■ Aim of the exercise ■
From the records below, transcribe only the lines running from the one with "Electric 4-wheel forklift Linde E25HL-01/600" through the one with "Edificio all'aperto". Keep both of those end lines.

--- Input for this task Enclosed Below ---

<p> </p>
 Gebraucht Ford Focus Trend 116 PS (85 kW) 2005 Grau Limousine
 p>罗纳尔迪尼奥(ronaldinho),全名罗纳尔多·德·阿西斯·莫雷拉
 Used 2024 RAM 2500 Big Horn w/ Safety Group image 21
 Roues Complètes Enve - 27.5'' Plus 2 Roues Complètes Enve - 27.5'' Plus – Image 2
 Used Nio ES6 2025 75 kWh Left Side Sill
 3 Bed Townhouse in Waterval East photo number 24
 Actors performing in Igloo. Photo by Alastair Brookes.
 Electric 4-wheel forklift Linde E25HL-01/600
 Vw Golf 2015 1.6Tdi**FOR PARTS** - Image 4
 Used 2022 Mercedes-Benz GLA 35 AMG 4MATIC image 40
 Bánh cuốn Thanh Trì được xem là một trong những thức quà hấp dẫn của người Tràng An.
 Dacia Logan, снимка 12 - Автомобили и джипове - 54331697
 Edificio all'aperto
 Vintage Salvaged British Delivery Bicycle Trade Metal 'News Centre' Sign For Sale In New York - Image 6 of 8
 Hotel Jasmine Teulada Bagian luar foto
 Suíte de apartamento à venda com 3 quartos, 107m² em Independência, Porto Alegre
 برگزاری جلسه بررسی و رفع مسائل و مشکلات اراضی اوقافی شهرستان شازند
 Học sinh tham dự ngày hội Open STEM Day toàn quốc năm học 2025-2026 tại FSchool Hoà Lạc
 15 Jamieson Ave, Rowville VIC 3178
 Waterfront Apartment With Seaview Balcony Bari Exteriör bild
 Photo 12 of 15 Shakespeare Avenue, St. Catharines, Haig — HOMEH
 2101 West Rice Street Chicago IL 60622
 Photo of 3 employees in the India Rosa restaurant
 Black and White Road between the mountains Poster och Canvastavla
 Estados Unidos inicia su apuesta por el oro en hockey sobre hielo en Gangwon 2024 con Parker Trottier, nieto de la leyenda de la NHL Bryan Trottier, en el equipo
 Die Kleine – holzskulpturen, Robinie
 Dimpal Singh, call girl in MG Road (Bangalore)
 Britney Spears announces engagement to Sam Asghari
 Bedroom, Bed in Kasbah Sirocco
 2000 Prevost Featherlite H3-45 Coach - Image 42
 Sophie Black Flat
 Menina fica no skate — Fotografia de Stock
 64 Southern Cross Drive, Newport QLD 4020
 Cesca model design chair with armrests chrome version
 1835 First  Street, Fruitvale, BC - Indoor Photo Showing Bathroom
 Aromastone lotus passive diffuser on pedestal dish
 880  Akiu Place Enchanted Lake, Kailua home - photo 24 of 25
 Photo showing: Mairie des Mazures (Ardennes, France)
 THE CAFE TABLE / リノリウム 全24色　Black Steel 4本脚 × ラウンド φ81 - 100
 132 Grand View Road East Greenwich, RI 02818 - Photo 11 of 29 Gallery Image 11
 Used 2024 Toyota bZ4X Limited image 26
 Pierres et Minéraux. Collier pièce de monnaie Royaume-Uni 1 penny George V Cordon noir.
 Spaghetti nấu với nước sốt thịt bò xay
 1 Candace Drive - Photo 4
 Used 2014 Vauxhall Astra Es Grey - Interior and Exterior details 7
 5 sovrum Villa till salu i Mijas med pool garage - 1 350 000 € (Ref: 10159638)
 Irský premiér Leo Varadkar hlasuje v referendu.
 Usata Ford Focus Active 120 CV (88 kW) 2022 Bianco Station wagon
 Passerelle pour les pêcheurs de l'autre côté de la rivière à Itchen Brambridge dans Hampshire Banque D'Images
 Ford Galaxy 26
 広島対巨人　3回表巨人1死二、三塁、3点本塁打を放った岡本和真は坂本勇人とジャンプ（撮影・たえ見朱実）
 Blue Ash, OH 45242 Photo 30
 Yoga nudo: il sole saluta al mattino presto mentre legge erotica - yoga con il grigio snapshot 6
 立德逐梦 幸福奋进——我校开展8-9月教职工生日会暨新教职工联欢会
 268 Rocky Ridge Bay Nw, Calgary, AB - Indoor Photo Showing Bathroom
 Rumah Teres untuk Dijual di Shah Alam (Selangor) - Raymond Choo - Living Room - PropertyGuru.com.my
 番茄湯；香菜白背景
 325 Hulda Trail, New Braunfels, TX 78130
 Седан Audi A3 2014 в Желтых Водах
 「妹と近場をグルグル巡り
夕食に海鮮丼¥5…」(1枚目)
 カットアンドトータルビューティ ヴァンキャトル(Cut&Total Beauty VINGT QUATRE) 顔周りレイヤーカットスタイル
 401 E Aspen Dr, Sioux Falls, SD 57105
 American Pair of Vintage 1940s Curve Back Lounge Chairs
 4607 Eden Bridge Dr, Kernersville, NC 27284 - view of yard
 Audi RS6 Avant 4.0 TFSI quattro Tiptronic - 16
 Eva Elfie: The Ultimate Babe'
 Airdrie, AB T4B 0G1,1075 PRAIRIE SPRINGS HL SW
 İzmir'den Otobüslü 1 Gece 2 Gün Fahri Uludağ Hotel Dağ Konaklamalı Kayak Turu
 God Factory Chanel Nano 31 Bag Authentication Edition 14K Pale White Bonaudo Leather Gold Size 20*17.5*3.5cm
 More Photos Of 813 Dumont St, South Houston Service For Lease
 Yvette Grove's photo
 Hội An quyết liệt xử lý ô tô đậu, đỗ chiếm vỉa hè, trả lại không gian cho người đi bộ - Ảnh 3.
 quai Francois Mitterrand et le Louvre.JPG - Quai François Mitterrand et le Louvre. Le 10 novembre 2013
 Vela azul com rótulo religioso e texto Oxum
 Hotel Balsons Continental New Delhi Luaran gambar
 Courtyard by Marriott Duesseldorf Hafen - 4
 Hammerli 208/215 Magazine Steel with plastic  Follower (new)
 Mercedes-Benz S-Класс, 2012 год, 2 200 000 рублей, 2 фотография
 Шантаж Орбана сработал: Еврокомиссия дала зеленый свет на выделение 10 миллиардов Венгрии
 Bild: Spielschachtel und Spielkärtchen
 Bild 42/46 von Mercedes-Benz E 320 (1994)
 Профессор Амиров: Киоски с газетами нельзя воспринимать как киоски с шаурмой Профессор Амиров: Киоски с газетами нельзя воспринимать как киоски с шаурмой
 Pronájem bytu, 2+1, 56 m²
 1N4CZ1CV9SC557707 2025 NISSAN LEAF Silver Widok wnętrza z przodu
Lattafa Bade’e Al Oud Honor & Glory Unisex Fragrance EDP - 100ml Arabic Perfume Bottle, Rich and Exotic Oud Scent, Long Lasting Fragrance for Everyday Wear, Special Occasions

--- End of Enclosed Input for this task ---

■ Your response ■
 Electric 4-wheel forklift Linde E25HL-01/600
 Vw Golf 2015 1.6Tdi**FOR PARTS** - Image 4
 Used 2022 Mercedes-Benz GLA 35 AMG 4MATIC image 40
 Bánh cuốn Thanh Trì được xem là một trong những thức quà hấp dẫn của người Tràng An.
 Dacia Logan, снимка 12 - Автомобили и джипове - 54331697
 Edificio all'aperto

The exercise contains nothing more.